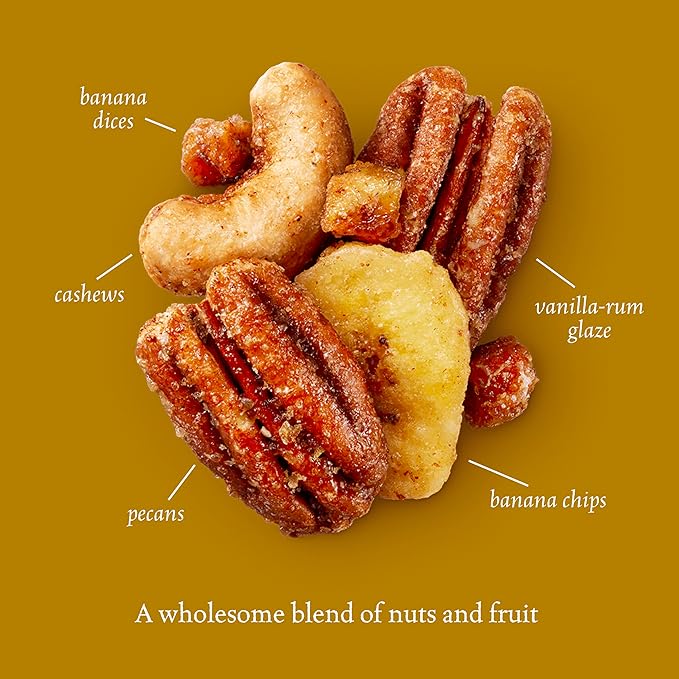 Sahale Snacks Glazed Mix, Banana Rum Pecans, 24 Ounce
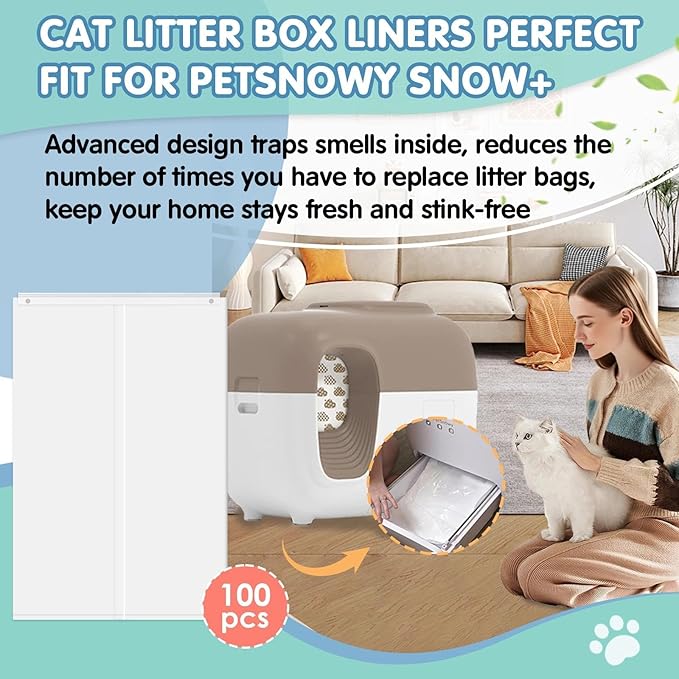 100Pcs Cat Litter Box Liners for PetSnowy SNOW+ Automatic Cat Litter Box, Tear & Leak Resistant Self-Sealing Waste Drawer Liner Bags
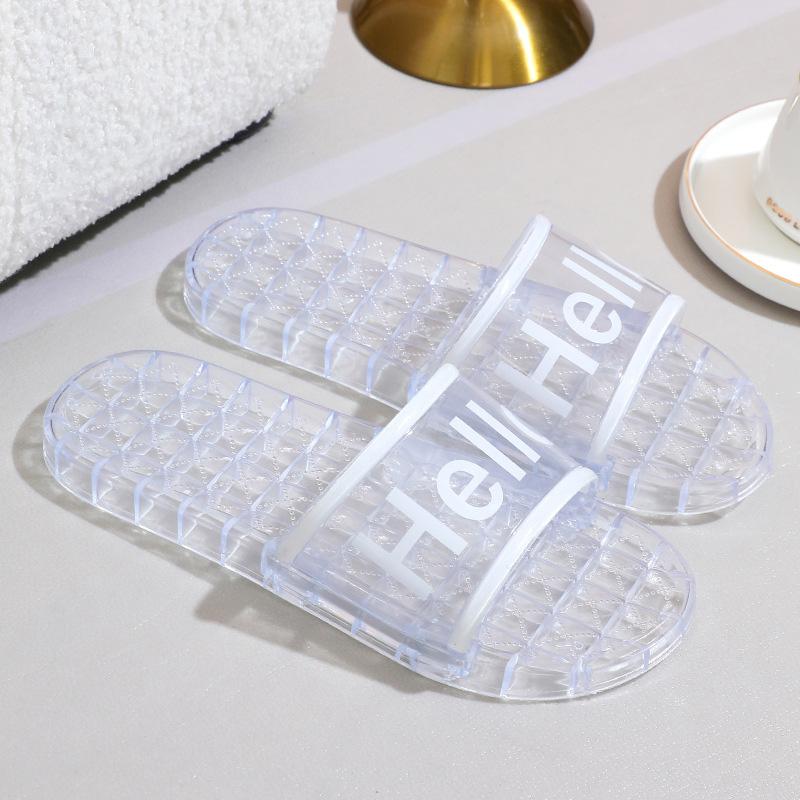 

1 pair Flat Slippers Summer Bathroom Beach Wear Printed Non-slip Crystal Soft Sole Women Slippers Transparent 40-41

▶ _WORK ORDER_
Return the complete data unchanged and include none of the pictures.

▶ _RESPONSE AREA_
 Sahale Snacks Glazed Mix, Banana Rum Pecans, 24 Ounce
 100Pcs Cat Litter Box Liners for PetSnowy SNOW+ Automatic Cat Litter Box, Tear & Leak Resistant Self-Sealing Waste Drawer Liner Bags

1 pair Flat Slippers Summer Bathroom Beach Wear Printed Non-slip Crystal Soft Sole Women Slippers Transparent 40-41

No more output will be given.